The Violence of Care
Full Title: The Violence of Care: Rape Victims, Forensic Nurses, and Sexual Assault Intervention
Author / Editor: Sameena Mulla
Publisher: NYU Press, 2014
Review © Metapsychology Vol. 19, No. 4
Reviewer: Hennie Weiss
In The Violence of Care: Rape Victims, Forensic Nurses, and Sexual Assault Intervention, Sameena Mulla focuses her attention and research on victims/patients of sexual assault as they come to the emergency room at a Baltimore hospital. Working as a rape crisis advocate Mulla gains insight into how patients are treated, how nurses cope with their responsibilities of being both care-givers and evidence collectors, and how blending both the medical and legal professions ultimately shapes the way in which patients are labeled (as compliant, non-compliant, ideal or not ideal victims, as repeat offenders, high risk patients and so on), how their actions are viewed in the system, and ultimately, how these women and men manage their own experiences and definitions of being both a victim and a patient.
Mulla’s approach is both that of a researcher and anthropologist, studying and observing the interactions between victims and nurses, victims and law enforcement and victims and families, but her role is also that of a rape crisis advocate, a person who listens to, responds to, and assists the women and men seeking medical assistance. Therefore, Mulla both tells her own story with the book as much as she re-tells the stories of the women and men she met during her four years of engaging in participatory research. The result is a book that is both personal, critical, profound and at times difficult to read. As Mulla describes and sets the scene for many sexual assaults, and the processes in which forensic examinations occur, readers may find certain aspects of the book problematic or difficult to read. Even though the title of the book certainly warns readers about its context, a trigger warning might be appropriate.
Mulla’s main points in The Violence of Care is that the operation mode of both the medical and legal aspects of care imposes “… a particular violence on victims of sexual assault. This violence is born not from the intentions of individual forensic nurses who consciously set out to alienate the victim-patient with whom they are working, but rather from the particular institutional, professional, and historical location of forensic sexual assault intervention” (p. 217). In each chapter, Mulla describes the practices developed from such contexts. For example, DNA testing has become the norm in cases of sexual assault and forensic nurses often spend the majority of the examination time looking for traces of DNA on victim’s bodies, even as most sexual assault/rape cases do not go to trial, as rape kit backlogs are numbered in the thousands, and as DNA does not resolve the question of consent. Even so, the presence of (and subsequently the lack of) DNA is highly important, and victims often suffer through hours of examinations in the hopes of recovering DNA.
Similarly, Mulla also discusses many other aspects of care and practices that can lead to re-victimization and the belief in a certain type of, or even “ideal” victim as part of forensic examinations.

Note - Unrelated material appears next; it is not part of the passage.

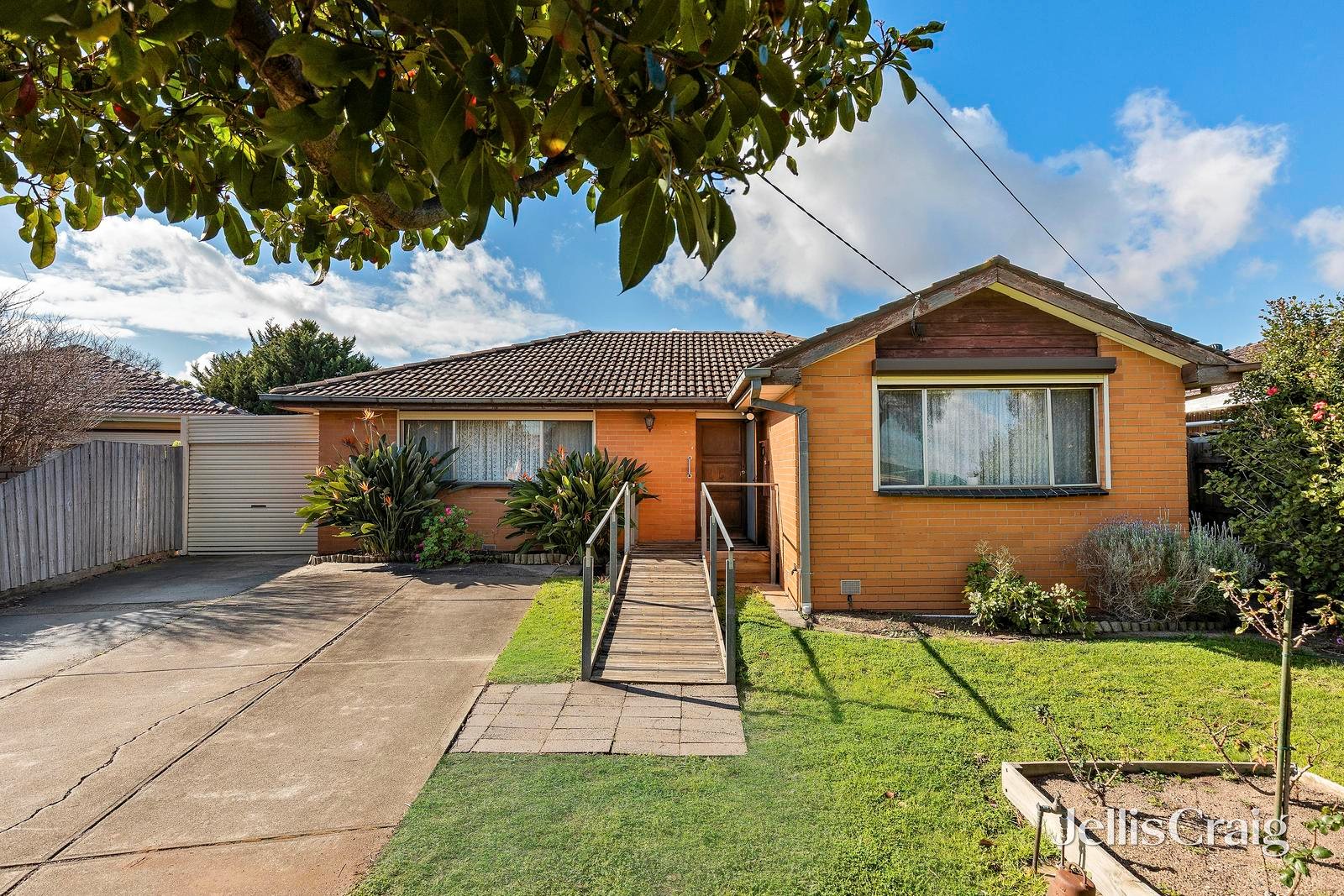 60 Norwood Drive, Keilor East image 1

These aspects include the time line of processing victims (as well as the time victims wait before seeking medical assistance), the methods by which forensic nurses are trained, how to deal with patients not willing to consider emergency contraceptives, to the documentary style, and photographic evidence of injury, as well as other controversial topics, such as acquaintance rape and victims being under the influence of drugs, alcohol or medications.
The Violence of Care provides systematic research into the practices of forensic nurses as they provide care to sexual assault victims. This care does however lend itself to problematic assumptions as the medical and legal fields are intersected, as Mulla notes. The book is certainly of interest to those who have had contact with sexual assault intervention, and it can also be of importance to forensic nurses and others in the medical and legal fields when discussing possible policy changes. At the same time, given that Mulla is an anthropologist, the book can be used in the classroom in certain anthropology courses, but also in disciplines such as criminology and women’s studies.
© 2015 Hennie Weiss
Hennie Weiss has a Master’s degree in Sociology from California State University, Sacramento. Her academic interests include Women’s studies, gender, sexuality and feminism.